FOOD COST INFLATION FILTERS THROUGH TO PRICES 

Year-on-Year

The BRC-Nielsen Shop Price Index (SPI) for September shows that prices were 0.4% higher than at the same time a year ago, the same year-on-year rise seen in August.

After slowing in the previous four months, food inflation increased in September, rising to 2.7% compared with 2.1% in August. This increase comes as food cost inflation, which has been building over the past few months, has begun to filter through to both fresh and ambient food prices. Food continues to be the sole cause of inflationary pressure from the high street.

Within non-food, there is no sign of any let-up in price deflation, with prices recording a year-on-year decline in every month so far this year. In September, non-food prices were 0.7% lower than at the same time a year ago, a larger rate of deflation than the 0.4% in August.

Month-on-Month                  

After showing no change between July and August, shop prices increased by a marginal 0.2% between August and September. This was caused solely by food prices, which rose by 0.6%, the largest month-on-month increase since December 2006. Non-food prices fell slightly by 0.1% between August and September, as promotional activity and general deflation continued.

Although certain food commodities have risen sharply in price year-on-year, food retail price inflation remains relatively low. There is still deflation in non-food prices, which looks set to continue in the long term. Inflationary pressure from retail is low and is no doubt making a big contribution to achieving the Bank’s 2% target for CPI.

Kevin Hawkins, Director General, BRC comments:

"Overall shop price inflation is being kept low yet again by intense price competition and promotional activity within non-food. However, this is being outweighed by food, where cost inflation is starting to work through to retail prices, especially in fresh produce. A large proportion of these cost pressures are being absorbed by retailers, helping to keep prices down.

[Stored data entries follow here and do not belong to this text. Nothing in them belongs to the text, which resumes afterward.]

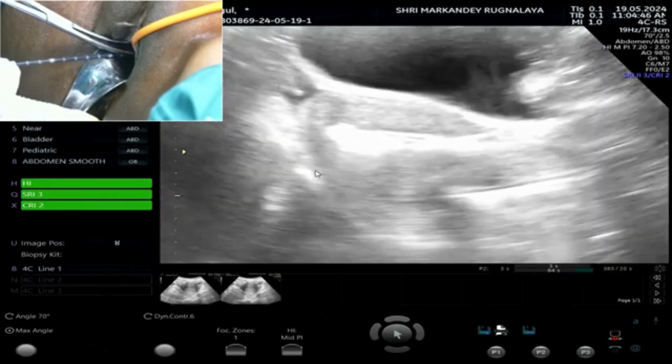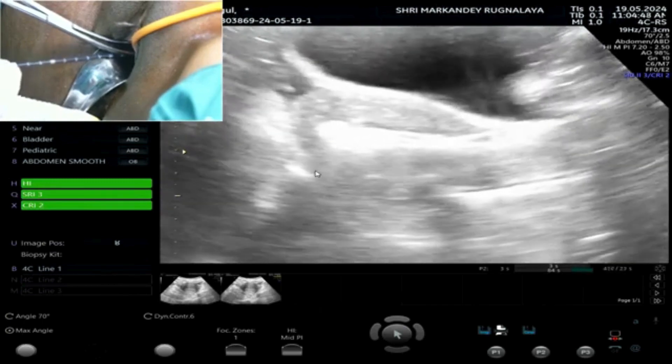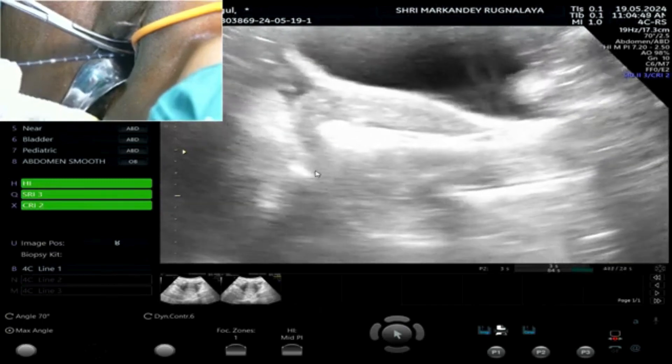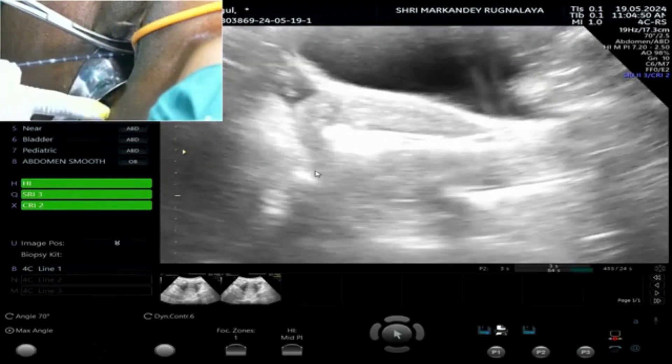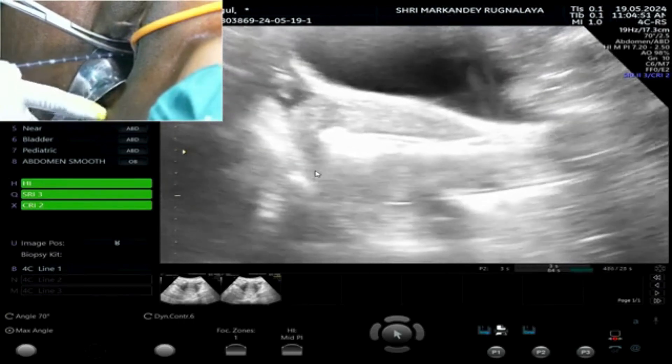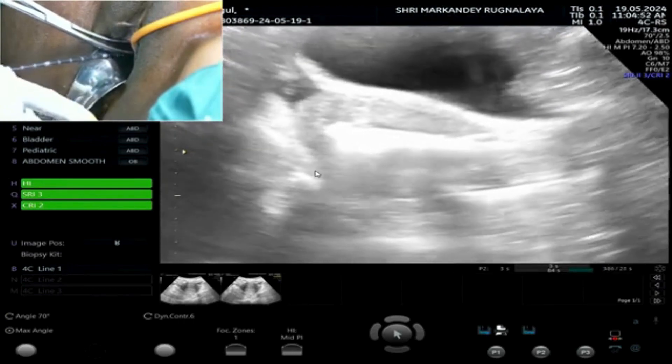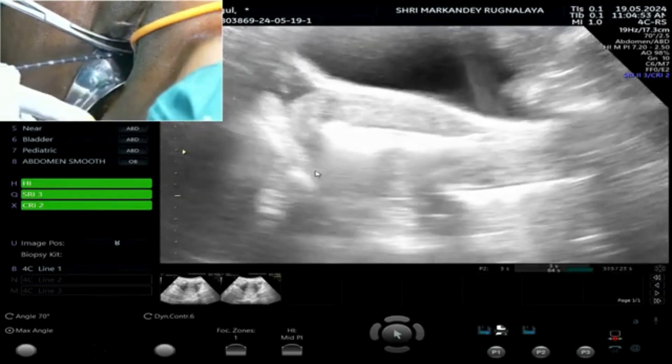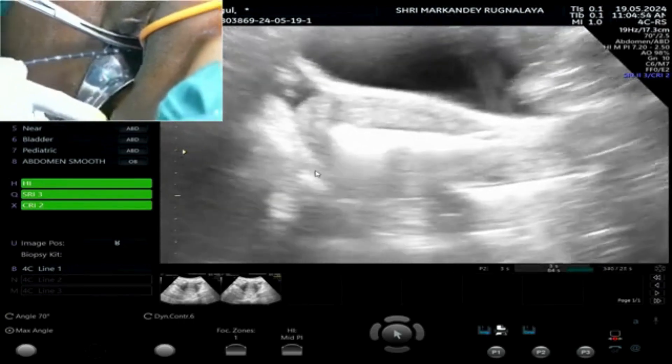It coagulates the spiral arteries. You know, spiral arteries — then only the bleeding will be controlled. You can see.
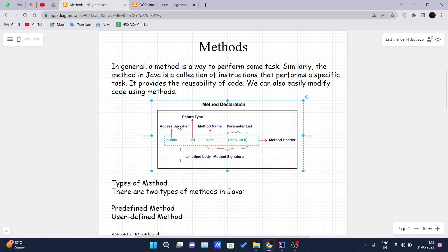In general, this is the structure of a method: public int sum(int a, int b), where 'public' is the access specifier, 'int' is the return type, 'sum' is the method name, and 'int a, int b' inside the parentheses is the parameter list. Altogether this is the method header, and inside the curly braces we write the method body.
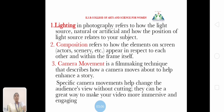What is Lighting? Lighting in photography refers to the light source — natural and artificial — and how the position of the light source relates to your subject. Composition refers to how the elements on-screen appear in respect to each other within the frame itself. Camera Movement is a filmmaking technique that describes how your camera moves to help enhance your story. Specific camera movements help change the audience's view without cutting, making your video more immersive and engaging.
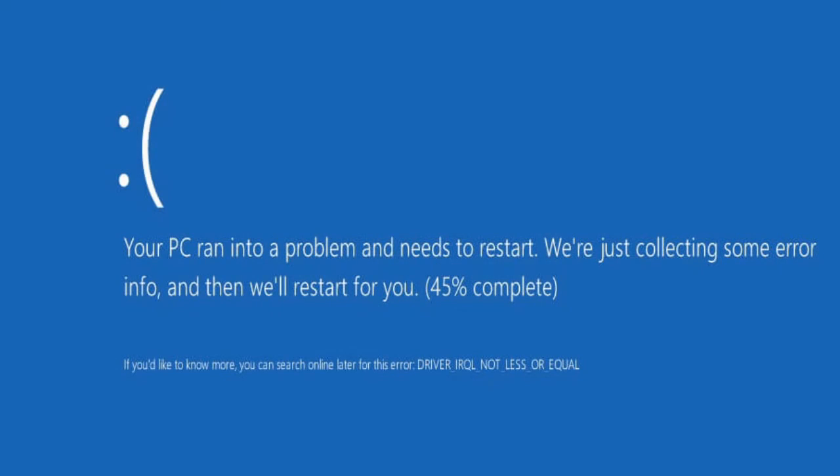Now you can delete the OS in dual boot. You can delete the partition, but if you delete the partition and reboot the system, it will crash the OS.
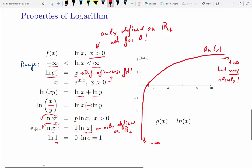A couple of specific values: the log at x equals 1 is 0, so the root of this function is at x equals 1. And the log of e — remember, e is the irrational number 2.718 and so forth — is equal to 1.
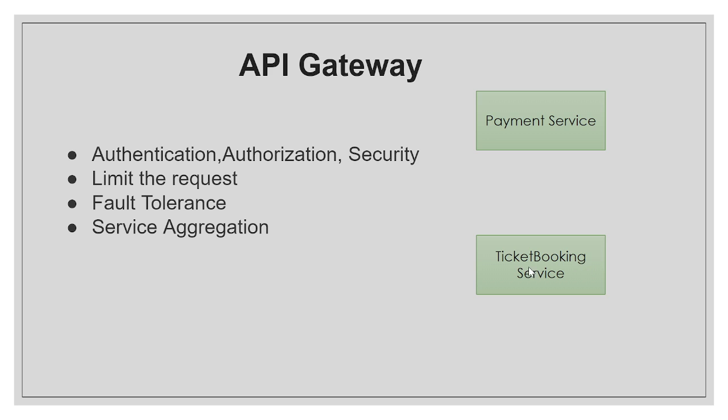The same applies to ticket booking service as well. In this ticket booking microservice, we need to implement authentication logic, authorization logic, and other security logics. So if you have 10 or 20 microservices in your project, in each microservice you need to implement authentication and authorization logic. All security related logics need to be implemented in each microservice.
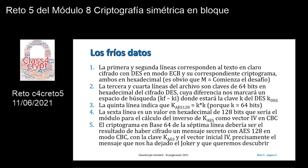La sexta línea es un valor en hexadecimal de 128 bits que sería el módulo para el cálculo del inverso de la clave anterior K AES, y que se usaría como vector inicial en el modo de cifra CBC del algoritmo AES. Por último, el criptograma en base 64 de la séptima y última línea de ese archivo TXT debería ser el resultado de haber cifrado un mensaje secreto con el algoritmo AES, con 128 bits y en modo CBC, con la clave K AES y el vector inicial IV que acabamos de encontrar.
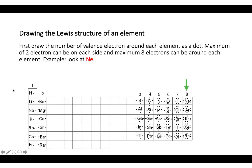Looking at the periodic table, hydrogen is in group 1A, so it has one valence electron, and we put a dot on one side of the symbol. It doesn't matter which side — right, left, top, or bottom. The important rule is no corners: do not put dots in the top or bottom corners. Just place them on the left, right, top, or bottom of the element symbol.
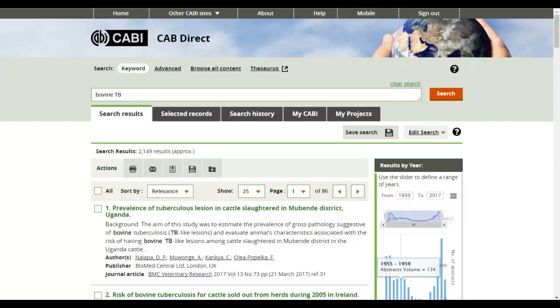The database will then search for your terms within the free text index, which includes database record fields including the title, abstract, author, and CAB's metadata fields.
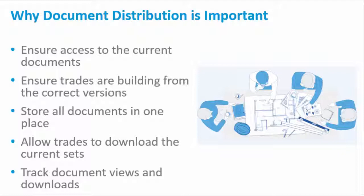This video will show you how to establish a document distribution program with BIM 360 Document Management.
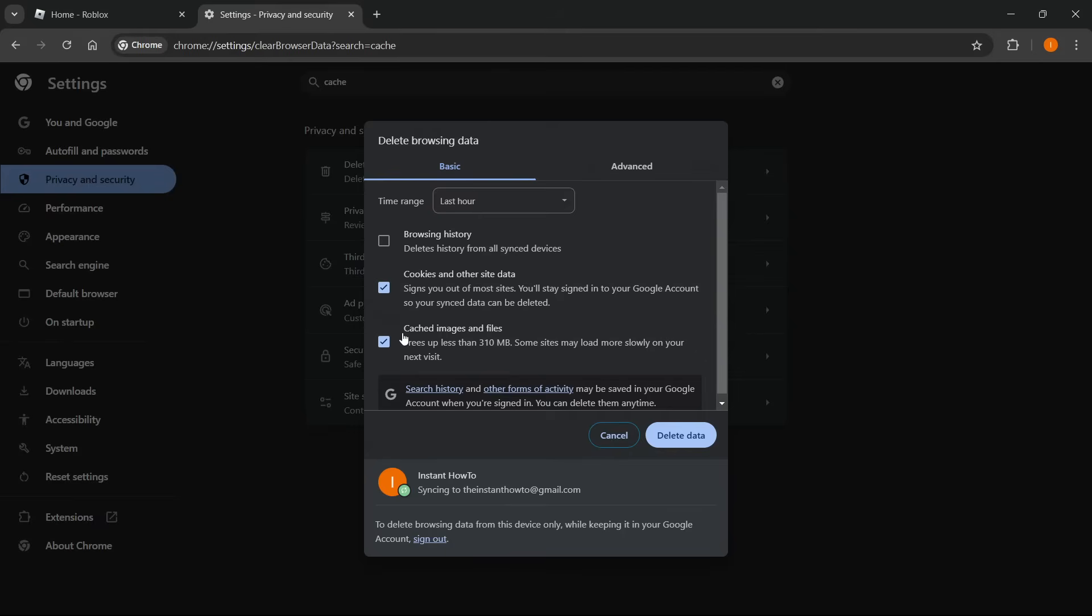Or if you would not like to delete any cookies or cached images and files, you can uncheck those as well. This probably won't be the case because this really doesn't do anything and you won't notice a difference most of the time.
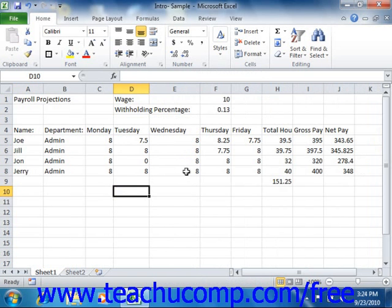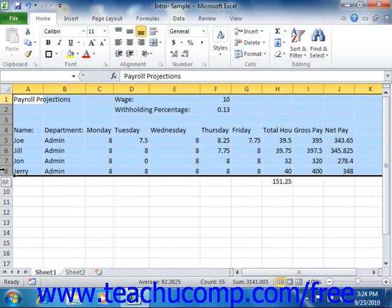To AutoFit the height of rows, simply select the rows that you want to adjust. Then place your mouse cursor between the row headings underneath the selected row heading or row headings. The mouse pointer will turn into a double-pointed arrow with a separator line when you are in the correct position. When it looks like that, just double-click that spot to automatically heighten the selected rows to accommodate their tallest entries.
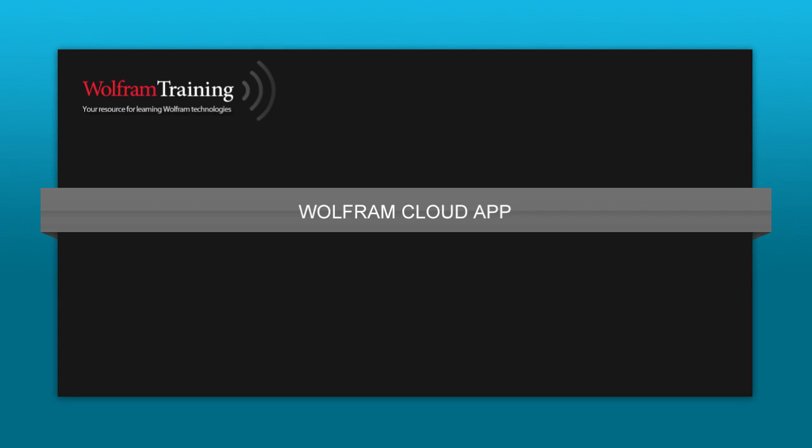My name is Nick Zitzman and I work on the front ends to some of our web services like Wolfram Alpha and Wolfram Cloud, and I'm here to talk to you today about the Wolfram Cloud app.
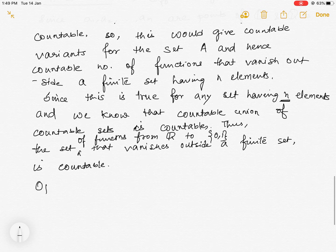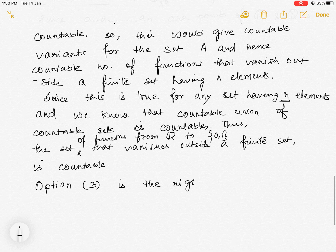Thus option 3 is the right answer. Thank you.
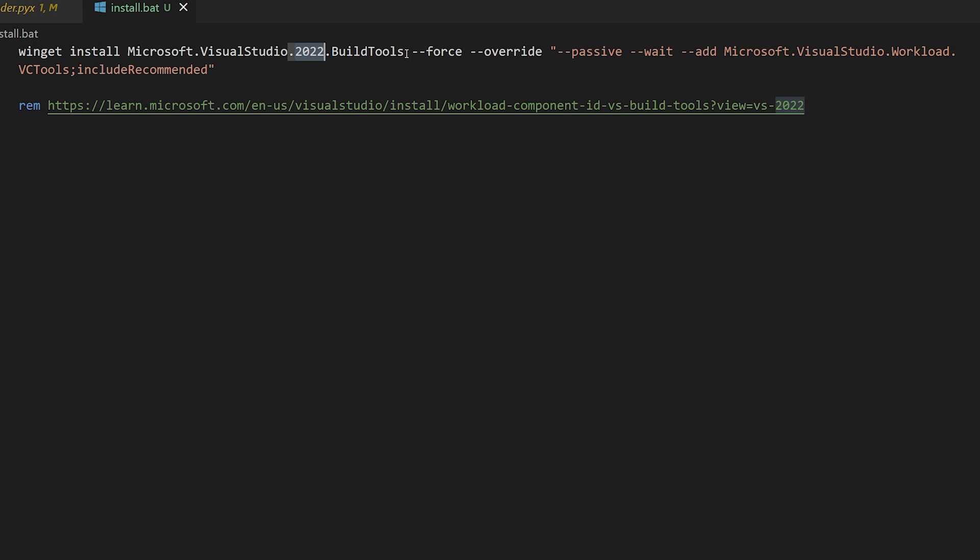Next comes the force command line switch, which ensures the command runs directly. It minimizes the amount of interaction that we have to perform in the process. The override switch changes the arguments that we're passing to the build tools installer itself.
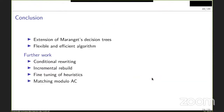In conclusion, this work extends Maranger's decision tree approach to the higher-order and non-linear case, providing a flexible algorithm with tunable heuristics and an efficiency increase. Future work includes: handling conditional rewriting, incremental rebuilding of decision trees when new rules are declared (currently the tree is fully rebuilt), fine-tuning heuristics for better performance, and potentially supporting matching modulo associativity and commutativity.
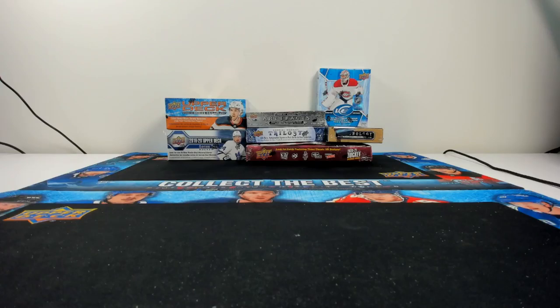Today we have a nice little fun hockey mixer here. We got some 1920 Series 2 retail, some 2021 Series 1 retail, some 2021 extended hobby with some artifacts and trilogy hobby from 2021, and from 1920.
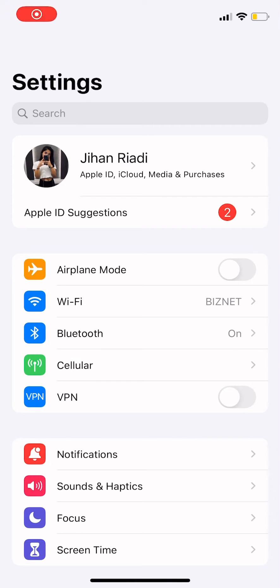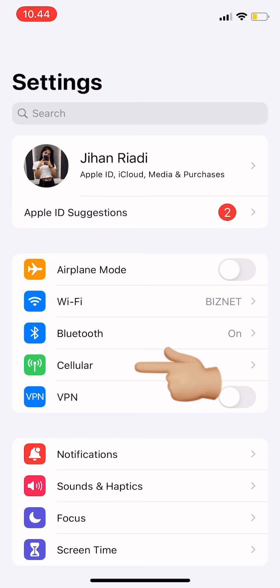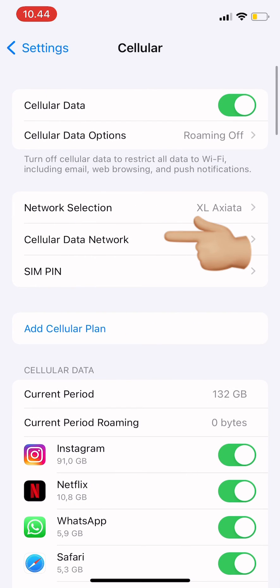Hi guys, welcome back to Tutorial Millenials channel. In today's video, I'm going to show you how to fix missing personal hotspot on your iPhone. First, go to Settings, then tap on Cellular, then go to Cellular Data.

"However, we have yet to see the full effects of high interest rates on consumer spending and a rate cut now by the Bank of England would provide some much needed relief to consumers and retailers alike."

Mike Watkins, Senior Manager, Retailer Services, Nielsen comments:

"Whilst there is some underlying cost price inflation building in food, retailers have increased promotional activity over last 6 months as sales have slowed or have been unpredictable and this has helped to keep many prices lower. In fact the UK has the highest level of promotional activity in food retailing of any country in Europe and this is unlikely to change in the foreseeable future.”